President Bush traveled Wednesday to an Illinois county tagged by critics as the nation’s worst for frivolous lawsuits, setting the stage for a series of congressional measures designed to limit litigation against doctors and businesses.
In a speech in Madison County, across the Mississippi River from St. Louis, Bush charged that “frivolous lawsuits” were driving good doctors from their practices, leaving patients to scramble for adequate health care and pushing up medical costs for all Americans.
Bush implored Congress to pass legislation that would put a cap of $250,000 on non-economic damages in medical malpractice cases.
“What’s happening all across this country is that lawyers are filing baseless suits against hospitals and doctors. That’s just a plain fact,” Bush said. “And they’re doing it for a simple reason. They know the medical-liability system is tilted in their favor.”
Bush also used the visit to reiterate a call for other measures that backers say will hold down frivolous lawsuits, including legislation that would shift many class-action lawsuits from state courts to the federal bench and action to resolve thousands of asbestos-related lawsuits…
It’s way past time.
For a look into Madison County, the venue for President Bush’s speech: American Spectator – Tort Reform?s Ground Zero
Madison County is one of those little rotten boroughs that — with the help of the trial lawyers — has turned lawsuits into a cottage industry. At last count close to 20 percent of the asbestos lawsuits in the nation were being heard before a single Illinois state judge in Madison. Out-of-state corporations as diverse as Prudential, Ford, AIG, Philip Morris, General Motors, and dozens of others have had to troop down to Madison County before judges and juries obviously intent on stripping them of their worldly goods.
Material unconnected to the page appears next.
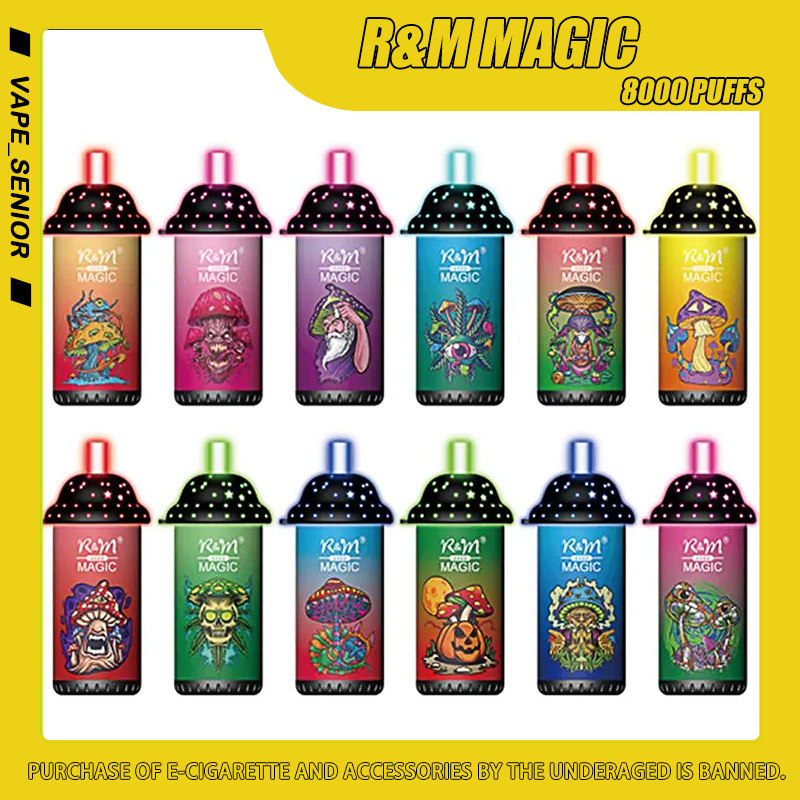 Original R&M MAGIC 8000puff Disposable Vape E cigarettes Kit rechargeable with real 8000 puffs 16ml pods LED Starlight Headliner flashlight 12 flavors Rm 8000
Original R&M MAGIC 8000puff Disposable Vape E cigarettes Kit rechargeable with real 8000 puffs 16ml pods LED Starlight Headliner flashlight 12 flavors Rm 8000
My biggest worry is that this will lead the fight into arguments about individual venues and their problems, avoiding addressing the Lawsuit Lottery mentality gripping America.
When Lotteries were being pushed in Texas (“It’s for The Children and The Schools”, remember that?), the detractors of state-sponsored gambling were marginalized as nuts, or worse. I now have an entirely different outlook on lotteries and the ‘something for nothing’ mentality they contribute to.